WORK TO BE COMPLETED: Everything from the line containing "Handmade Rectangular Horn" through the last line of the data below is to be retyped exactly, apart from the pictures.

INFORMATION SHOWN:
- Opening Delimiter -

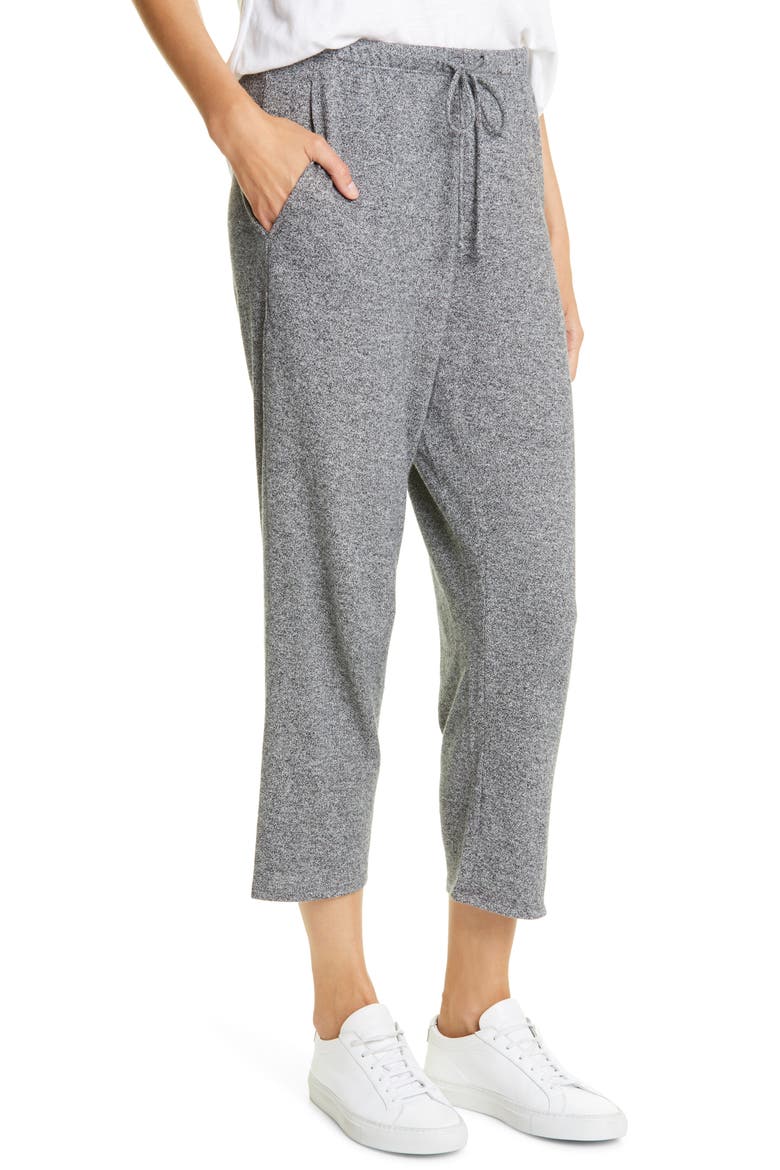 Slouchy Crop Pants, Alternate, color, ASH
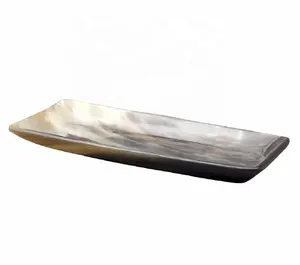 Handmade Rectangular Horn Trays with shiny polished finishing with cheap price and high quality supplier from india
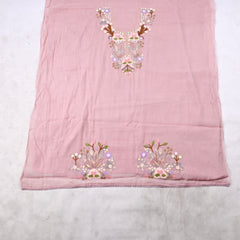 Mul Cotton Pink Unstitched Suit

- Closing Delimiter -

OUTPUT OF THE TASK:
 Handmade Rectangular Horn Trays with shiny polished finishing with cheap price and high quality supplier from india
 Mul Cotton Pink Unstitched Suit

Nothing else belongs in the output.